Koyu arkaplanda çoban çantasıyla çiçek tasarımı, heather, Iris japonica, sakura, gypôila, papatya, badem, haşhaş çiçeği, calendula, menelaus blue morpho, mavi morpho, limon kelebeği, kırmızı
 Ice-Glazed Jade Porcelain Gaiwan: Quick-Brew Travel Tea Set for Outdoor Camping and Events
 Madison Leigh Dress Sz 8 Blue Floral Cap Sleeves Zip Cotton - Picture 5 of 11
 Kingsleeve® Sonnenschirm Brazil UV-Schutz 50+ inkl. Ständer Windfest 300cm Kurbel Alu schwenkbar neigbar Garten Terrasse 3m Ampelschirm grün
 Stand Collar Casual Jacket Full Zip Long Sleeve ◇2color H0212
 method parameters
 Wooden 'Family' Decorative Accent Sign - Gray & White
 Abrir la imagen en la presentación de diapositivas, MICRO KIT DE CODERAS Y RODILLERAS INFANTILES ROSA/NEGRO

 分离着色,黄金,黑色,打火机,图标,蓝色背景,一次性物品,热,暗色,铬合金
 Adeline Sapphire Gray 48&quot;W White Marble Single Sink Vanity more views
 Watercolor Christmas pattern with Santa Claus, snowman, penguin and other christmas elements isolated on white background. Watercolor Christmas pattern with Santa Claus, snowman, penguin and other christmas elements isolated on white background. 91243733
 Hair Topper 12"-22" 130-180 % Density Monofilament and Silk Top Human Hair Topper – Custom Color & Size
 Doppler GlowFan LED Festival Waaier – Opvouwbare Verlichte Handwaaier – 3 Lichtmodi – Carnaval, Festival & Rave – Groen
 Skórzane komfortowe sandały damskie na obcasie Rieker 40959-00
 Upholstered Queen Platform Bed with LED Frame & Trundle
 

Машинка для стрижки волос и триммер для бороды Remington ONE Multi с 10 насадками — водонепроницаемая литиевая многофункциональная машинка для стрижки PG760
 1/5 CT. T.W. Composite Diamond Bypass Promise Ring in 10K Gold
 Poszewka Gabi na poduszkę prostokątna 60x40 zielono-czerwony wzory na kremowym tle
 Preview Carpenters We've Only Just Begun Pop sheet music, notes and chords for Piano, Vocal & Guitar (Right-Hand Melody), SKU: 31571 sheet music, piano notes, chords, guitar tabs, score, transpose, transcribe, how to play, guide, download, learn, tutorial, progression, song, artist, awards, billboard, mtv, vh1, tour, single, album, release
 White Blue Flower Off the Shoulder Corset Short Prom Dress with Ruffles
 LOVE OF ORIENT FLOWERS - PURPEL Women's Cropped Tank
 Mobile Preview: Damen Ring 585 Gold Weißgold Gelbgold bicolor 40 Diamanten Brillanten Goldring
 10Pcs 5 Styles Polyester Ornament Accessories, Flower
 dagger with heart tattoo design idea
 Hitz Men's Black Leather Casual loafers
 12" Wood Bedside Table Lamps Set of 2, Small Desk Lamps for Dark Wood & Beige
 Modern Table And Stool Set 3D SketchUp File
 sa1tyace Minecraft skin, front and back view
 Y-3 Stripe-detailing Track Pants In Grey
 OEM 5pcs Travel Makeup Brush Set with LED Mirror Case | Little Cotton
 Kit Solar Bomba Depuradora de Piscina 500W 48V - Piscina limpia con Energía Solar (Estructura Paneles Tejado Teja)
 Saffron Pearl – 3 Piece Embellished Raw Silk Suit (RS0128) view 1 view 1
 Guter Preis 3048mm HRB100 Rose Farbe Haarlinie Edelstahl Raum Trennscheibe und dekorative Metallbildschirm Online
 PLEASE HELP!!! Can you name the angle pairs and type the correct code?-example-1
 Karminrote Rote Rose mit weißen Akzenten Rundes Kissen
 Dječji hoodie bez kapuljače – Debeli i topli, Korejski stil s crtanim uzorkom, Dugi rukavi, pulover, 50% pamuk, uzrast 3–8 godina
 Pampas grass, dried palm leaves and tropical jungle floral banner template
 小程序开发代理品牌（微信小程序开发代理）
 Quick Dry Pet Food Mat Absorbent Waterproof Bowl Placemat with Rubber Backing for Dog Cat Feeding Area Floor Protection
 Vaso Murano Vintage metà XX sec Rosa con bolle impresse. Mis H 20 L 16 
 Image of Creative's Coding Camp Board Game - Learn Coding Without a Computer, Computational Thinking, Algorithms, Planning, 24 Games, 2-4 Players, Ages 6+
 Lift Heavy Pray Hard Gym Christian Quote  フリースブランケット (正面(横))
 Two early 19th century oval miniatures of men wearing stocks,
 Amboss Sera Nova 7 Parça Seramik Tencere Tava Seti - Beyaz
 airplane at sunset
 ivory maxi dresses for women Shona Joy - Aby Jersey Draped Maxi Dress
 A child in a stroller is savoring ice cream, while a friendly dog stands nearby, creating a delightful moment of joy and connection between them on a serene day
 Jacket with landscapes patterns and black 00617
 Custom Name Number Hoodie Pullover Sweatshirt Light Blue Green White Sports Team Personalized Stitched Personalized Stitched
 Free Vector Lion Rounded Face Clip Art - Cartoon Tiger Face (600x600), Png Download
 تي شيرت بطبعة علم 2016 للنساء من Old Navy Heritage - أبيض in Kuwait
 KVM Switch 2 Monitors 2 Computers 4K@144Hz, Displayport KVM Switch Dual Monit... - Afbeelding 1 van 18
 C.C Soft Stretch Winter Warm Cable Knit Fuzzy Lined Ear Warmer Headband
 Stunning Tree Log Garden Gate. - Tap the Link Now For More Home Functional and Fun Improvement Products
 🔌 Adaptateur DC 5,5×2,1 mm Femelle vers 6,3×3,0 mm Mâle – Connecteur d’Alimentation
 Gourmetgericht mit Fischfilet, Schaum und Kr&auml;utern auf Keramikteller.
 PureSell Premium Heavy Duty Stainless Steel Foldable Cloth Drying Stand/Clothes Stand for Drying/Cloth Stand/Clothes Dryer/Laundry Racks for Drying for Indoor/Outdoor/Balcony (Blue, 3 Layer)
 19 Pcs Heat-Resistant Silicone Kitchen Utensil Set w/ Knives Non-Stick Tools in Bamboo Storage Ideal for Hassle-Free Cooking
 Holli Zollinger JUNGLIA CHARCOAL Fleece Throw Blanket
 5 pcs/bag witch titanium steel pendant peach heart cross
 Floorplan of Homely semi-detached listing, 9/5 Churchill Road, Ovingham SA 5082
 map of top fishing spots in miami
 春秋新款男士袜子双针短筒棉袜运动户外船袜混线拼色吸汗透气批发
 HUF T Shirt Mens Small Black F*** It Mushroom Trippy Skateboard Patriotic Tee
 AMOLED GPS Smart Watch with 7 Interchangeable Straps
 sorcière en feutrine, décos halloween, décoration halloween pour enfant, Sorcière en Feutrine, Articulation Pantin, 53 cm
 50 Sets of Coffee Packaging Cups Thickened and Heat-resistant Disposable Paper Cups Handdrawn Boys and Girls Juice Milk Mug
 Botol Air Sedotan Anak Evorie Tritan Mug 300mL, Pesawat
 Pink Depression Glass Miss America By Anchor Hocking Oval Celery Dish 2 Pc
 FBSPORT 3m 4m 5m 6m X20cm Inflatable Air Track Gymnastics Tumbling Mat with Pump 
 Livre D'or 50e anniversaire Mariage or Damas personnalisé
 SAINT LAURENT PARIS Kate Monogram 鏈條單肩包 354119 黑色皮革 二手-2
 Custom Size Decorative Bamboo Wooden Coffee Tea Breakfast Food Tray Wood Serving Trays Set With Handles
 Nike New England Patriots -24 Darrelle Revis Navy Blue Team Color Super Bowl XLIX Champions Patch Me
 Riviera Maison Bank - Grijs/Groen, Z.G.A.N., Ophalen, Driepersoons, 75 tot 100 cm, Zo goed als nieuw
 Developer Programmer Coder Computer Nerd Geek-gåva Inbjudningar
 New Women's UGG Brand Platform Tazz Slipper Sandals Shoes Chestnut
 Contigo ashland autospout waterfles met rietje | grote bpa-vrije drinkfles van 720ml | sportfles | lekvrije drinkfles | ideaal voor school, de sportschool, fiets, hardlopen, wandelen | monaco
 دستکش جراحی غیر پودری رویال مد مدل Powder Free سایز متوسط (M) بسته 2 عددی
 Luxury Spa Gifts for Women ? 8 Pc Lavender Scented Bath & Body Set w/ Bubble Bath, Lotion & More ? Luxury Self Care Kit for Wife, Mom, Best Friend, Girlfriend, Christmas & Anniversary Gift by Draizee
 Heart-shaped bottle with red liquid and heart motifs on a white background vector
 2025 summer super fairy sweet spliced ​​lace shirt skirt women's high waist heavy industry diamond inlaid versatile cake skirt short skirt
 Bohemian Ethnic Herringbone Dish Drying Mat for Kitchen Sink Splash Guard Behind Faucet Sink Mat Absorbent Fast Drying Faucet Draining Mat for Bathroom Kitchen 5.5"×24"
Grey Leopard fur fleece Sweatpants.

───

**WHAT YOU SHOULD DO**
Could you reproduce, exactly, every line above from the line with "Livre D'or 50e" to the line with "Nike New England", and no other line? Both ends count.

**ANSWER AREA**
 Livre D'or 50e anniversaire Mariage or Damas personnalisé
 SAINT LAURENT PARIS Kate Monogram 鏈條單肩包 354119 黑色皮革 二手-2
 Custom Size Decorative Bamboo Wooden Coffee Tea Breakfast Food Tray Wood Serving Trays Set With Handles
 Nike New England Patriots -24 Darrelle Revis Navy Blue Team Color Super Bowl XLIX Champions Patch Me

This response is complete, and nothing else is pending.